Analyzing Sodexo's dividend per share data from 2003 to 2023 shows that the dividends have generally increased over the years. Starting from no dividend in 2003, the company began consistent payouts from 2004 onwards, with notable increments. There were only a few years where dividends dropped (not by more than 20%), such as in 2020, where the dividend per share decreased to 2 from 2.9 in 2019, likely due to the COVID-19 pandemic's impact. Despite this, the stable upward trend resuming post-crisis period, growing to 3.1 by 2023, demonstrates resilience and commitment to shareholder returns.

Dividends Paid for Over 25 Years?

This criterion assesses whether a company has consistently paid dividends for over 25 years. Consistent dividend payments are important as they indicate the company's financial health and its ability to generate steady cash flows.

Historical Dividends per Share of Sodexo (SJ7.F)

Sodexo (SJ7.F) has a mixed history of dividend payments.

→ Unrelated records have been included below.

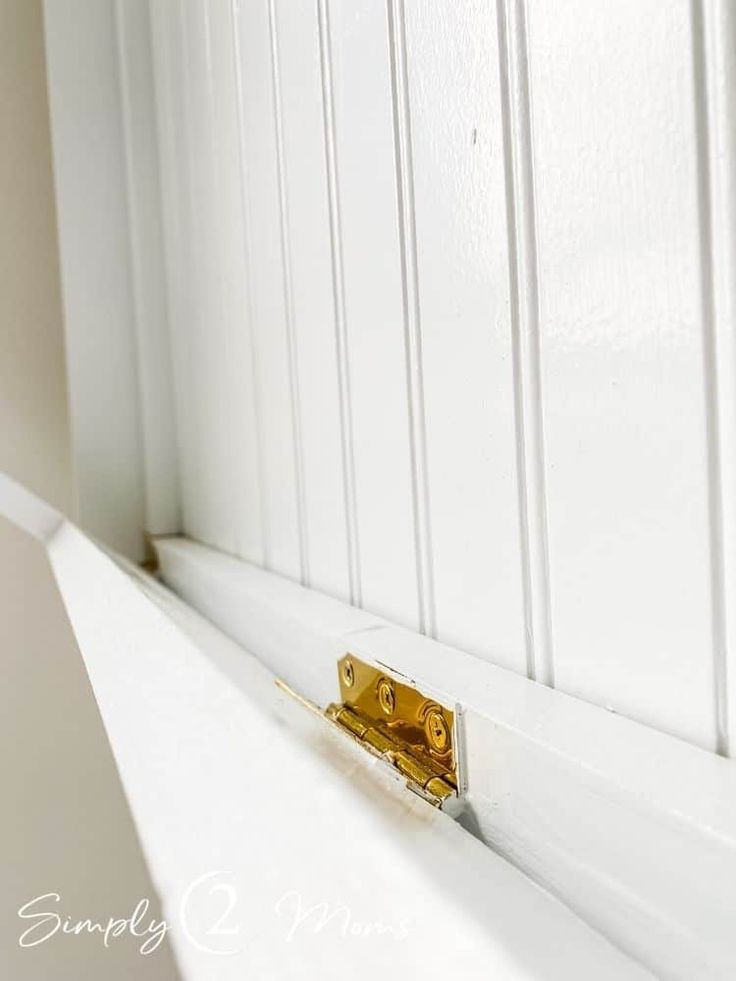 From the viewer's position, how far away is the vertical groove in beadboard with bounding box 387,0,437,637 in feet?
1.52

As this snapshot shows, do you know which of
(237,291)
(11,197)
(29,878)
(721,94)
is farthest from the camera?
(11,197)

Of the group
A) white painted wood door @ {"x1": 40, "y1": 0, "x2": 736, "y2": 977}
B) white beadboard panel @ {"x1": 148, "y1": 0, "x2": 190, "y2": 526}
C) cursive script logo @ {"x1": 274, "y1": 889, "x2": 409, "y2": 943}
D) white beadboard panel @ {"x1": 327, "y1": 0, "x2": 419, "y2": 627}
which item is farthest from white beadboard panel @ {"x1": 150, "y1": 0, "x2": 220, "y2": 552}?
cursive script logo @ {"x1": 274, "y1": 889, "x2": 409, "y2": 943}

Let's consider the data provided: from 2001 to 2003, no dividends were paid. From 2004 onwards, except for a few years, dividend payments were more or less consistent, with tremendous growth observed. By 2023, the dividend per share increased to €3.1, showing a stable trend in recent years. Despite some gaps in the early years, the trend is generally favorable, portraying the company's stronger financial footing and it responsibly retaining earnings during challenging times. However, it fails to meet the strict 25-year consistency criterion.

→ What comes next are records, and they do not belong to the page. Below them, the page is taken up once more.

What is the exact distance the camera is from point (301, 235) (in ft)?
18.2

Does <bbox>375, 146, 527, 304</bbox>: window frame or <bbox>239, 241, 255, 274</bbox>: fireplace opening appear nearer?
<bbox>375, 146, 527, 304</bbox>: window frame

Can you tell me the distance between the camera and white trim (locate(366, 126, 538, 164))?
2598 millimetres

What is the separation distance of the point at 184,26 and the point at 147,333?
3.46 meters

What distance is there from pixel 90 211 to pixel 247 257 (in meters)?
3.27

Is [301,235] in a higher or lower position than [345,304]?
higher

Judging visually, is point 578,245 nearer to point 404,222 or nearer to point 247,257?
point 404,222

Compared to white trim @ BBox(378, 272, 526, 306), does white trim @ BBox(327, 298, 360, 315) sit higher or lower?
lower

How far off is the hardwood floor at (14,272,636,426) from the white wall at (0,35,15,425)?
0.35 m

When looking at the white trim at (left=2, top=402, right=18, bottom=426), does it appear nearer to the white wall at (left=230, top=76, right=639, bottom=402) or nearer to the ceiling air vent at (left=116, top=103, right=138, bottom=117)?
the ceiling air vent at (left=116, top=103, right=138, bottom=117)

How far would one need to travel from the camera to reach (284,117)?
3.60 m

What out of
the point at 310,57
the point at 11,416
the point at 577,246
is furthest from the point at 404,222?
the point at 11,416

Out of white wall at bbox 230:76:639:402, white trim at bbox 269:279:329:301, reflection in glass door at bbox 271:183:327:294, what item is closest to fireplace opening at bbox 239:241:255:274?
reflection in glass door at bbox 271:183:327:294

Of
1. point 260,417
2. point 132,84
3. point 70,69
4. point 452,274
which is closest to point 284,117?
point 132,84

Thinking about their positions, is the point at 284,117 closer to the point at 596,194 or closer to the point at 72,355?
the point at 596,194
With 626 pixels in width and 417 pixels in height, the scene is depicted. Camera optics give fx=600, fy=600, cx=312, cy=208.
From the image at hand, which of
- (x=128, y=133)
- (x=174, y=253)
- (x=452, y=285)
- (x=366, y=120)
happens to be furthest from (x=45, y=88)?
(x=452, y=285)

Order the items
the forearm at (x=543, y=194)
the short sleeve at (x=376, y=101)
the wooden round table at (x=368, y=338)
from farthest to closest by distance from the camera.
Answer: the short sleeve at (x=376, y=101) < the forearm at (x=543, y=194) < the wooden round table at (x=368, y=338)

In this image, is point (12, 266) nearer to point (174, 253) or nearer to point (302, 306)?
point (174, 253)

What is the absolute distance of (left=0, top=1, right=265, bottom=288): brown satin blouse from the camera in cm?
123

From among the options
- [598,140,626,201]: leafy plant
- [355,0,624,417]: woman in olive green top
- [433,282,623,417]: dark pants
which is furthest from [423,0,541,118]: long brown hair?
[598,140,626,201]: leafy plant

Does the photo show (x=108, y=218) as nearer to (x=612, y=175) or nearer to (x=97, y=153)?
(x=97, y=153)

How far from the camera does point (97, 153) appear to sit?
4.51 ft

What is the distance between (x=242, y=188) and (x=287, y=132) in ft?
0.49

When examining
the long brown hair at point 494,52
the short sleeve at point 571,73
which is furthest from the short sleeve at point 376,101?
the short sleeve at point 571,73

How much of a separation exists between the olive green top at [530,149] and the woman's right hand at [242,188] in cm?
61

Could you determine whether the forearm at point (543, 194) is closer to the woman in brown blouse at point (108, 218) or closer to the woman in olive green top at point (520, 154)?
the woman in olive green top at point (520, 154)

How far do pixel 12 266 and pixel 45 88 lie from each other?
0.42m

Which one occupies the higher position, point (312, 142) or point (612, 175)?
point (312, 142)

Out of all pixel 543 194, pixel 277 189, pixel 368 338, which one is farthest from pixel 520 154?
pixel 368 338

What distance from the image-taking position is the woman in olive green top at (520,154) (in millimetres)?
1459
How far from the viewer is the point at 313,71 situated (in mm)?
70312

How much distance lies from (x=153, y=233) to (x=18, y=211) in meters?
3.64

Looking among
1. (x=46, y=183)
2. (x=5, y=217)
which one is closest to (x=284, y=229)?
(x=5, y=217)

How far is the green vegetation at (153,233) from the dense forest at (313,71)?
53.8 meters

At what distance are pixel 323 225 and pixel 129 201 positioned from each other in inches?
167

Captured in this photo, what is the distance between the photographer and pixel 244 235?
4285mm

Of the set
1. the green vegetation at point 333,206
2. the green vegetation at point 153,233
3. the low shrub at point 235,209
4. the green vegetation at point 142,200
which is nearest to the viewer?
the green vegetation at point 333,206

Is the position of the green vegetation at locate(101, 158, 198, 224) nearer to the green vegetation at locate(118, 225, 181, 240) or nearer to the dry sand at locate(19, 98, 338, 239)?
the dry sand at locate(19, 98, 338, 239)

Reliable Stock Repurchases Over the Past 20 Years?

Stock repurchases reduce the number of shares outstanding, which can enhance shareholder value by increasing the earnings per share. Consistent repurchases indicate strong cash flows.

Historical Number of Shares of Sodexo (SJ7.F)

Sodexo's stock repurchase analysis over the last 20 years reveals a favorable scenario. With a noticeable reduction in the number of shares outstanding, from 162,127,698 in 2003 to 146,127,620 in 2023, it represents a significant reduction of approximately 10%. Furthermore, the average repurchase rate of -0.5143 is positive, reflecting shareholder-friendly actions by the company. The reliable repurchase trend observed in notable years like 2004, 2005, 2006, 2008, 2009, 2011, 2012, 2016, 2017, 2018, 2019, and 2023 reaffirms the company’s commitment to this strategy. Given this consistency, the trend can be regarded as beneficial for investors seeking value return through reduction in share dilution and potential positive impacts on earnings per share.